_Data for processing:_
[Start of section]

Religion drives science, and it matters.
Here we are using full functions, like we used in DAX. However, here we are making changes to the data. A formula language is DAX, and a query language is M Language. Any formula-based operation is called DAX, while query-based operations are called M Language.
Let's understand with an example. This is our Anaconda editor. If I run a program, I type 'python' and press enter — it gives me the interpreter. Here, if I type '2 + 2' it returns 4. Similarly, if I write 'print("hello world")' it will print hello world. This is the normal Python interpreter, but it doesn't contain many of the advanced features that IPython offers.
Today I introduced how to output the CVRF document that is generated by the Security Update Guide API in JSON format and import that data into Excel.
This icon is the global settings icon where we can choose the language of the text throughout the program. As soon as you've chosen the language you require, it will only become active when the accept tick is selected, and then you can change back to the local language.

[End of section]
[Start of section]

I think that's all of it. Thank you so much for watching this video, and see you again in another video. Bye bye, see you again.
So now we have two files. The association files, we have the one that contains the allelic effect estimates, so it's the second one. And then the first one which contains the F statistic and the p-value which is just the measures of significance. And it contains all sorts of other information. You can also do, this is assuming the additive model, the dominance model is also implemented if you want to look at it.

[End of section]
[Start of section]

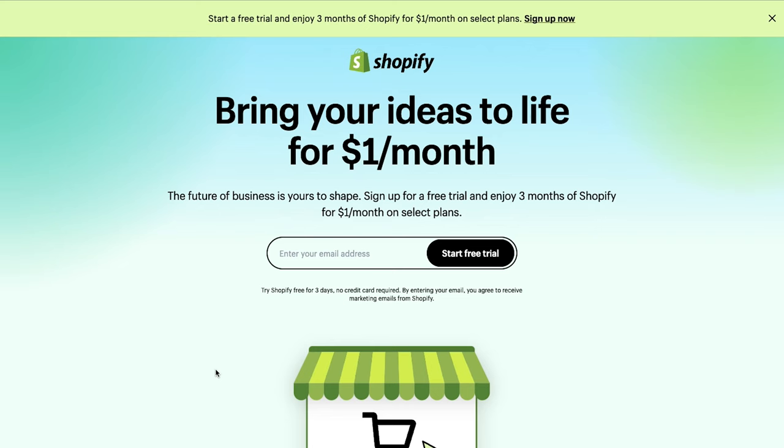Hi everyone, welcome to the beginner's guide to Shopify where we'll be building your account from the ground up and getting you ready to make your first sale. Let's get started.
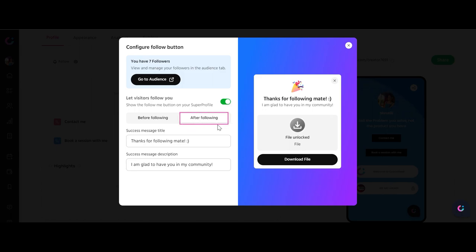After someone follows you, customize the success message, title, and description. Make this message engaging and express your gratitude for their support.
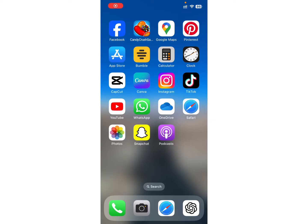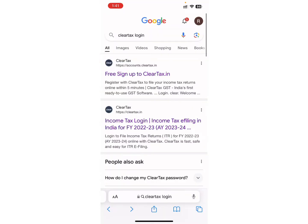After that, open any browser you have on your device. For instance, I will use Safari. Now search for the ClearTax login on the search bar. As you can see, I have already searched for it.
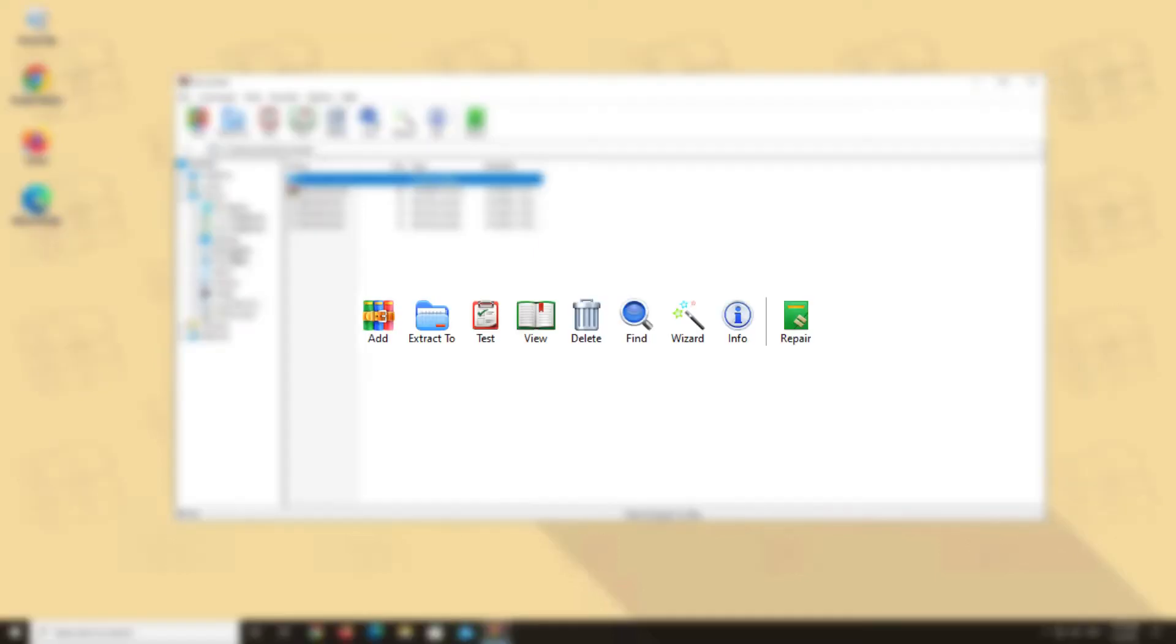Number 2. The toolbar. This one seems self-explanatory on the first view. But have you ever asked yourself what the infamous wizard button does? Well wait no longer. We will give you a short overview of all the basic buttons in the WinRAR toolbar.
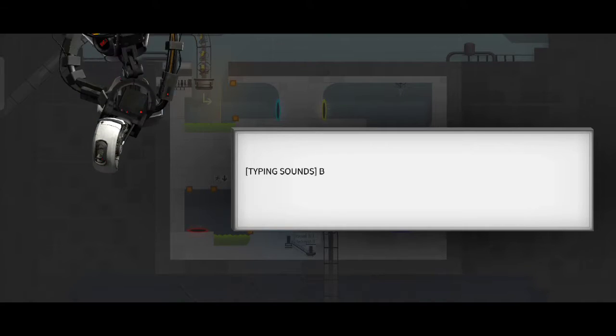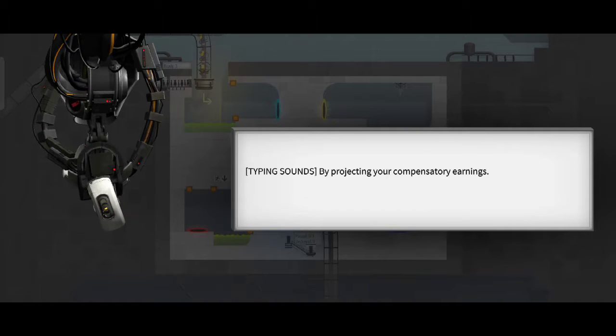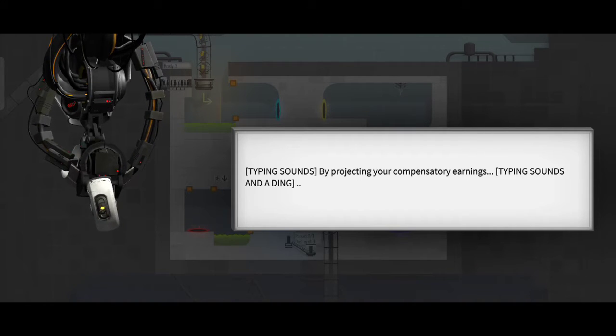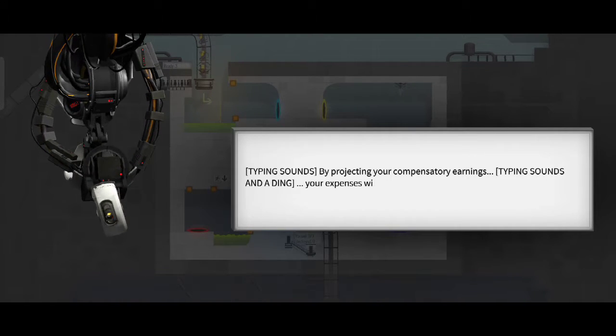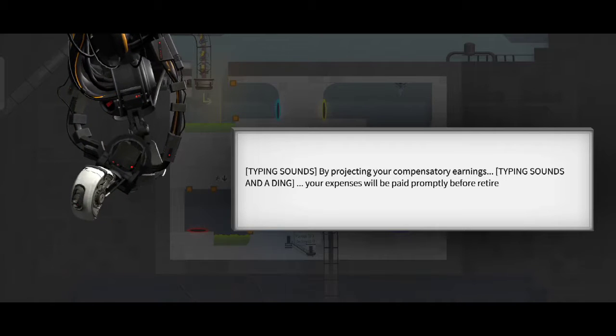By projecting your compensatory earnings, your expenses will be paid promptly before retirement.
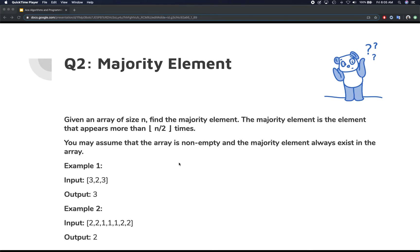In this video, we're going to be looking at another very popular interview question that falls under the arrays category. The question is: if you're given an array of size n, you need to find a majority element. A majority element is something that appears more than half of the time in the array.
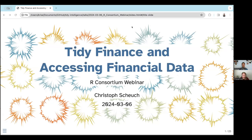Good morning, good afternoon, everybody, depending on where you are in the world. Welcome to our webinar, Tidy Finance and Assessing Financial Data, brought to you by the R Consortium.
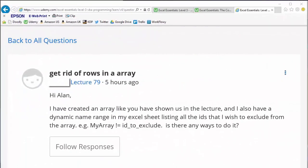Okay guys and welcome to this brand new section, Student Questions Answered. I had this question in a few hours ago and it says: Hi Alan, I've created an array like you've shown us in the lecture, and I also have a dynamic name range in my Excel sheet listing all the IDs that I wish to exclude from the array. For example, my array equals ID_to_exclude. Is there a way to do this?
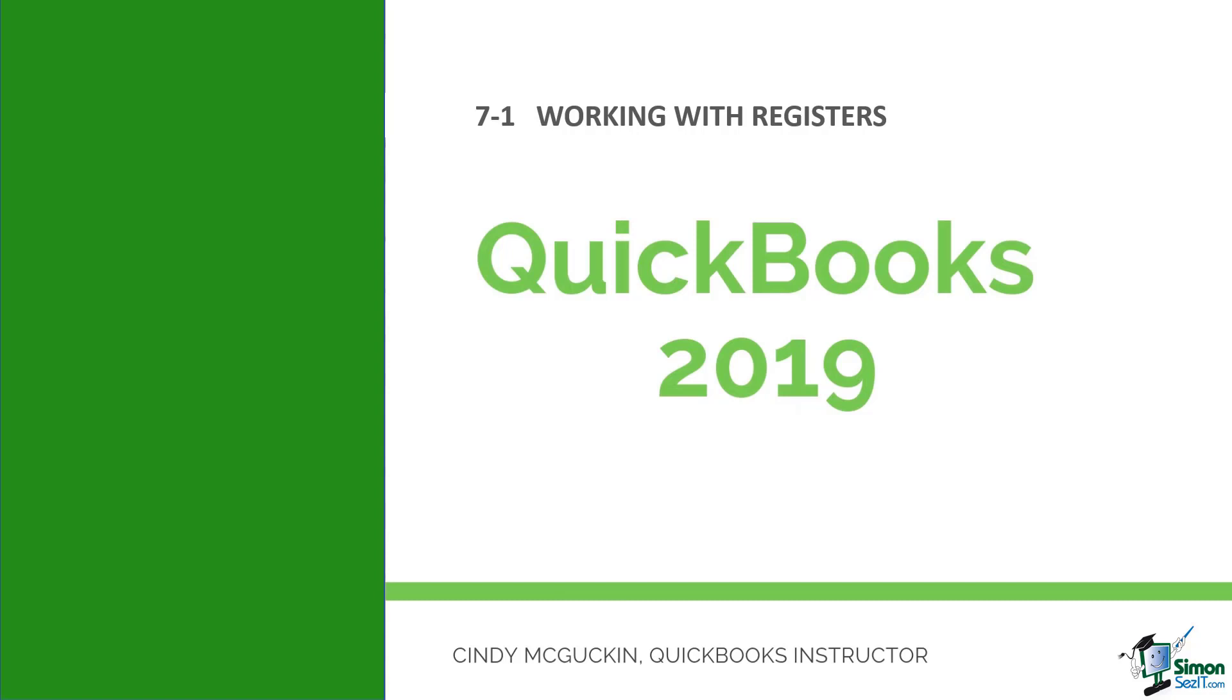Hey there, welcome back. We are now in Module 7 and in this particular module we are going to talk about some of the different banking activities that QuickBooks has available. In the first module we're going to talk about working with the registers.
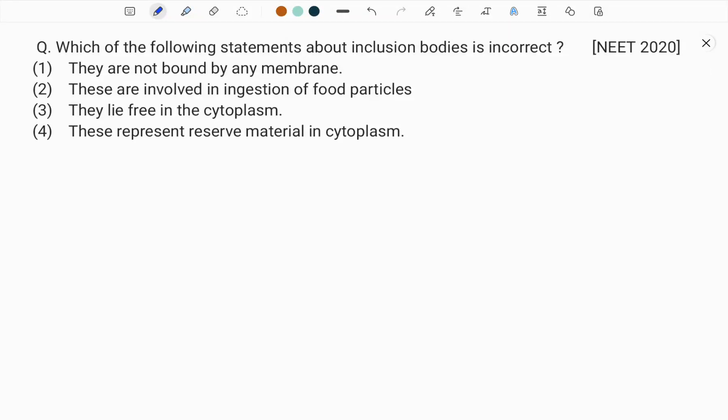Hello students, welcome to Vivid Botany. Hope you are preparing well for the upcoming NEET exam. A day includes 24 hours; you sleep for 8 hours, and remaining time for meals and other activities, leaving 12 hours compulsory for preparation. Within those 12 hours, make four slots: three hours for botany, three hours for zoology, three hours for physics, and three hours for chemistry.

[End of section]

_Required work:_ Copy out each line of the entries where the word "then" is found.

_Finished exercise:_
This icon is the global settings icon where we can choose the language of the text throughout the program. As soon as you've chosen the language you require, it will only become active when the accept tick is selected, and then you can change back to the local language.
So now we have two files. The association files, we have the one that contains the allelic effect estimates, so it's the second one. And then the first one which contains the F statistic and the p-value which is just the measures of significance. And it contains all sorts of other information. You can also do, this is assuming the additive model, the dominance model is also implemented if you want to look at it.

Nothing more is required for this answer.